黒田家名宝展示ふたたび ―甲冑・武芸書編―
令和6年4月9日(火)~6月9日(日)
黒田宣政の甲冑と新続家譜の事績
5代宣政(のぶまさ)の時代は、天下泰平(てんかたいへい)の世であり、現在残る彼の所用甲冑の兜は、室町(むろまち)時代風の復古調(ふっこちょう)タイプの筋兜です。鉢の眉(ま)びさしに獅子噛(しかみ)の浮彫があり、前立(まえたて)を装着する金具も残っています。かつては父・綱政(つなまさ)の兜に倣ならった豪華な金泥塗の前立があったのでしょうか。一方、胴は初代黒田長政の所用した桶側胴(おけがわどう)にあやかった造りです。この彼の短い藩主在任中の事績は、「黒田(くろだ)新続家譜(ぞくかふ)」に記されています。
黒田治之の甲冑と肖像
7代藩主治之(はるゆき)(1752~81)は、11歳のときに徳川将軍家の一門・一橋家(ひとつばしけ)から6代藩主継高(つぐたか)の養子に迎えられた人物で、治之所用の少年用の甲冑が残されています。
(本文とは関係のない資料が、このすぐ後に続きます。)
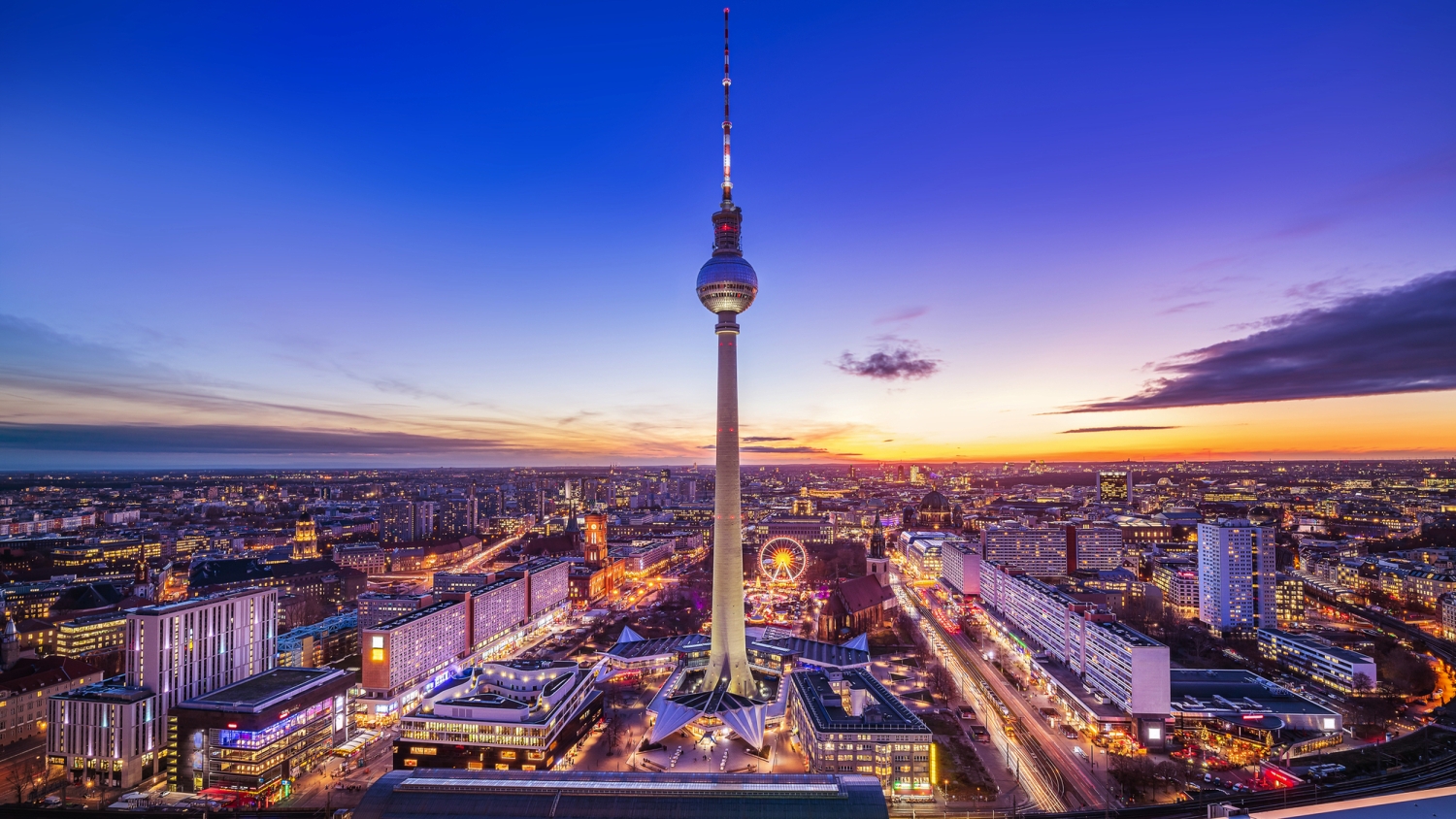 Fernsehturm Berlin bei Sonnenuntergang über der Stadtlandschaft.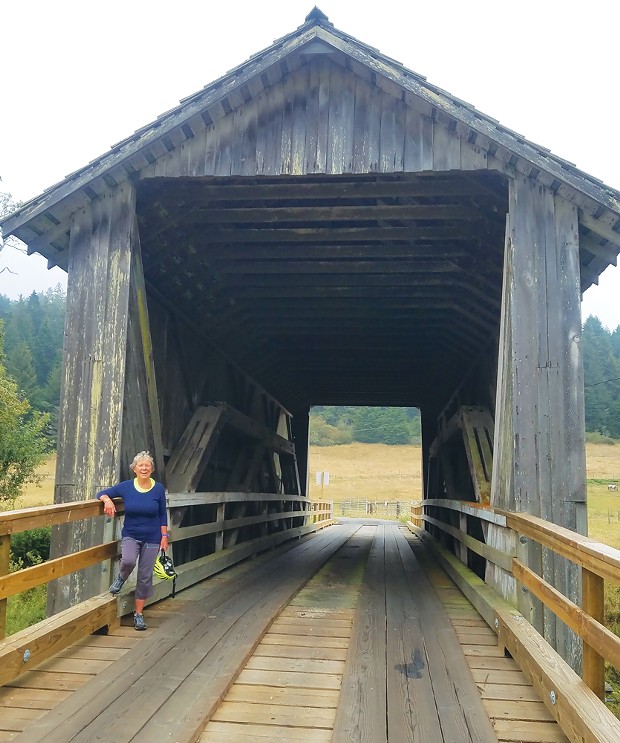 The author at a covered bridge on Elk River Road, not far from the Headwaters Forest Reserve.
筋兜(すじかぶと)で鍬形(くわがた)の古風(こふう)な筋前立がつき、胴は萌黄(もえぎ)色の素掛威(すかけおどし)で、杏葉(ぎょうよう)という胸飾りも古風なものです。実家の一橋家から持参したことが、櫃の中に記されていました。いかにも少年用の明るい色合いの甲冑で、兜の吹返(ふきかえし)、前立、籠手など、いろいろなところに黒田家の白餅紋(しろもちもん)が付いています。この紋は黒田家の表紋で、旗指物や船印につくられます。一橋家が武功の家・黒田家へ養子に出す際に、張り切って作った様子がうかがえます。
黒田長政の砲術相伝書
黒田長政は若いころ、個人的に剣術や砲術を学んだことで知られ、特に鉄砲の射撃に優れていました。かれが学んだのは細川忠興(ほそかわただおき)や徳川家康(とくがわいえやす)に仕えた稲富一夢(いなとみいちむ)という砲術家でした。一夢が長政に出した相伝書(そうでんしょ)「御鉄砲之書(おんてっぽうのしょ)」が残っています。長政は、個人の技術だけでなく、数多くの合戦に参加した実戦の経験から、軍団(ぐんだん)としての鉄砲の運用に優れていました。関ヶ原合戦の時には、石田三成(いしだみつなり)麾下(きか)の猛将(もうしょう)・島左近(しまさこん)の攻撃を、側面にひそかに回した鉄砲隊の一斉射撃(いっせいしゃげき)で止め、撃退(げきたい)したことからもうかがえます。その場面は黒田家に残された関ケ原戦陣図屏風にも描かれています。
福岡藩主の馬術書
また長政は、若槻流(わかつきりゅう)馬術を学びその相伝書も残りますが、それらには馬の乗り方だけではなく、馬の医術(いじゅつ)や飼育方法(しいくほうほう)なども記され、大名として、軍事に必要な、馬についての総合的な研究をしていたことがうかがえます。18世紀の8代藩主の治高(はるたか)(1754~82)は、若い頃に大坪流(おおつぼりゅう)馬術をまなんで免許を得ています。治高は、四国の大名京極家(きょうごくけ)から養子に入り、藩主就任後すぐに亡くなった人物のため、残された資料は少なく、この馬術書は黒田家にとって貴重です。また11代藩主長溥が、養子にきて間もないころ、家臣の馬術師範(ばじゅつしはん)・福山(ふくやま)氏から学んだことがわかる馬術書も残されています。平和な時代でも、大名にはその地位に相応(ふさわ)しい乗馬技術を学ぶことが必須だったことがうかがえます。
黒田家伝来の武芸書
3代藩主光之の時代の武芸書として、彼の息子の誰かが家臣高田氏から受けた豪華(ごうか)な十文字鑓(じゅうもんじやり)の相伝書が伝わっています。光之夫人は、当時幕府から九州の抑(おさ)えと重視(じゅうし)された小倉藩小笠原(こくらおがさわら)家から輿入(こしい)れしており、同藩には当時、幕府にまで名前の聞こえた槍術の名人高田又兵衛(たかだまたべえ)がいました。同時代の剣術書では、光之の四男の長清(ながきよ)が、若いころに家臣・有地(ありち)氏から贈られた新陰流(しんかげりゅう)の絵入りの豪華な免許が残されています。剣技の型を絵で表したもので、全部で10巻の豪華な巻物です。黒田家では藩主や一族は幕府・将軍に認められた武芸を学ぶことが、通例化していたようです。